Protestolar sonunda Hasina, görevinden istifa ederek ağustos ayının başında Hindistan'a kaçmak zorunda kalmış; bunun üzerine, Nobel Barış Ödülü sahibi Muhammed Yunus liderliğindeki geçici hükümet göreve gelmişti.
Bangladeş Uluslararası Suçlar Mahkemesi Yargıcı Golam Mortuza Majumdar başkanlığındaki mahkemenin duruşmalarında savcılar, meydana gelen protestolara ilişkin, aralarında Hasina'nın da bulunduğu 50 kişi için tutuklama talep etti. Başsavcı Mohammad Tajul Islam, konuya ilişkin yaptığı açıklamada şunları kaydetti:
"KAPSAMLI BİR SORUŞTURMA İÇİN TUTUKLAMA EMRİ ÇIKARILMASI İÇİN BAŞVURUDA BULUNDUK"
"Mahkemeye, son derece nüfuzlu olan sanıkların tutuklanmaması halinde soruşturmanın yürütülmesinin imkansız olacağı itirazında bulunduk. Kapsamlı bir soruşturma için tutuklama emri çıkarılması için başvuruda bulunduk. Mahkeme dilekçemizi kabul etti ve eski Başbakan Sheikh Hasina'nın tutuklanmasına karar verdi. Ayrıca Hasina'nın 18 Kasım'a kadar tutuklanarak mahkeme huzuruna çıkarılmasını emretti."
Bangladeşli yetkililer, bugüne kadar Hasina ve iktidardaki Awami League Partisi’nin diğer üst düzey yetkilileri hakkında "insan kaçırma, zorla kaybetme, cinayet ve toplu katliam" iddialarıyla 60'tan fazla şikayette bulunulduğunu belirtti.
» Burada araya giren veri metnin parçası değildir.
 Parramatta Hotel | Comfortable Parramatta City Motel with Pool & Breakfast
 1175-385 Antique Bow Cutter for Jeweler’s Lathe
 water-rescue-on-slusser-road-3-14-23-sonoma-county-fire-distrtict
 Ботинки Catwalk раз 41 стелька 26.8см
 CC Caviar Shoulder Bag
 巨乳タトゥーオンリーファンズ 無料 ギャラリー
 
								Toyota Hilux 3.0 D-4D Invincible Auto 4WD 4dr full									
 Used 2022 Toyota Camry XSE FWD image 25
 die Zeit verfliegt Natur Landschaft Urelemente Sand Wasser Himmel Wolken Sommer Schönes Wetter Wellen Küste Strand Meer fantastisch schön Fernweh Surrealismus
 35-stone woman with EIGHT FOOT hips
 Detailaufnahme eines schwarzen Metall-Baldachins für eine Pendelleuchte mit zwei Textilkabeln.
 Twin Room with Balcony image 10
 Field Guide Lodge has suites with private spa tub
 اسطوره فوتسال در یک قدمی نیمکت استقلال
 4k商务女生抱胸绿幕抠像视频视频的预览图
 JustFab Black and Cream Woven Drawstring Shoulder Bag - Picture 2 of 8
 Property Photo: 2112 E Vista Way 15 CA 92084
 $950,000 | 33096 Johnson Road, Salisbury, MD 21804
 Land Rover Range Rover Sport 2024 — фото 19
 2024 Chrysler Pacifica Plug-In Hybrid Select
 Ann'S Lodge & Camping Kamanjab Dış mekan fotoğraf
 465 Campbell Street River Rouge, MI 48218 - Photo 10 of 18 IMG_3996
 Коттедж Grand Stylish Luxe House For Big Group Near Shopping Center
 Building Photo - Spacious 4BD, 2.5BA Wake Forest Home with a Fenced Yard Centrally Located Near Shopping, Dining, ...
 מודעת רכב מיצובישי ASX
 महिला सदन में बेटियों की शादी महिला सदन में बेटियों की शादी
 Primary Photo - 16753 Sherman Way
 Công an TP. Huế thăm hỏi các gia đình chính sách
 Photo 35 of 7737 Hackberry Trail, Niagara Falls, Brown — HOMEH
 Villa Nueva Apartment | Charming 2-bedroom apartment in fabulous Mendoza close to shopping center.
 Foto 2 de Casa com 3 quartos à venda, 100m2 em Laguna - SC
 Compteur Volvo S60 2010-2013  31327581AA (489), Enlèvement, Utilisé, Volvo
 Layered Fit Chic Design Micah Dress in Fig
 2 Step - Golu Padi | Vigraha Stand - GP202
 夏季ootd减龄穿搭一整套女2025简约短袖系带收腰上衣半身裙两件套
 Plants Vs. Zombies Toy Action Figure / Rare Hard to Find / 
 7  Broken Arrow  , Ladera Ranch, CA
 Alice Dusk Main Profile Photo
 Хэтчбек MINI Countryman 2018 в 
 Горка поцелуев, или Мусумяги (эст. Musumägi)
“KESİNLİKLE ONU GERİ GETİRMEYE ÇALIŞACAĞIZ”
Bangladeş'in fiili Dışişleri Bakanı Mohammad Touhid Hossain yaptığı açıklamada, Hasina'nın mahkeme tarafından belirlenen bir aylık süre içinde Hindistan'dan getirilmesi için her türlü çabanın gösterileceğini bildirdi. Hossain, ''Mahkeme bir ay süre verdi. Bu süre zarfında kesinlikle onu geri getirmeye çalışacağız, bizim için ne gerekiyorsa yapacağız” dedi.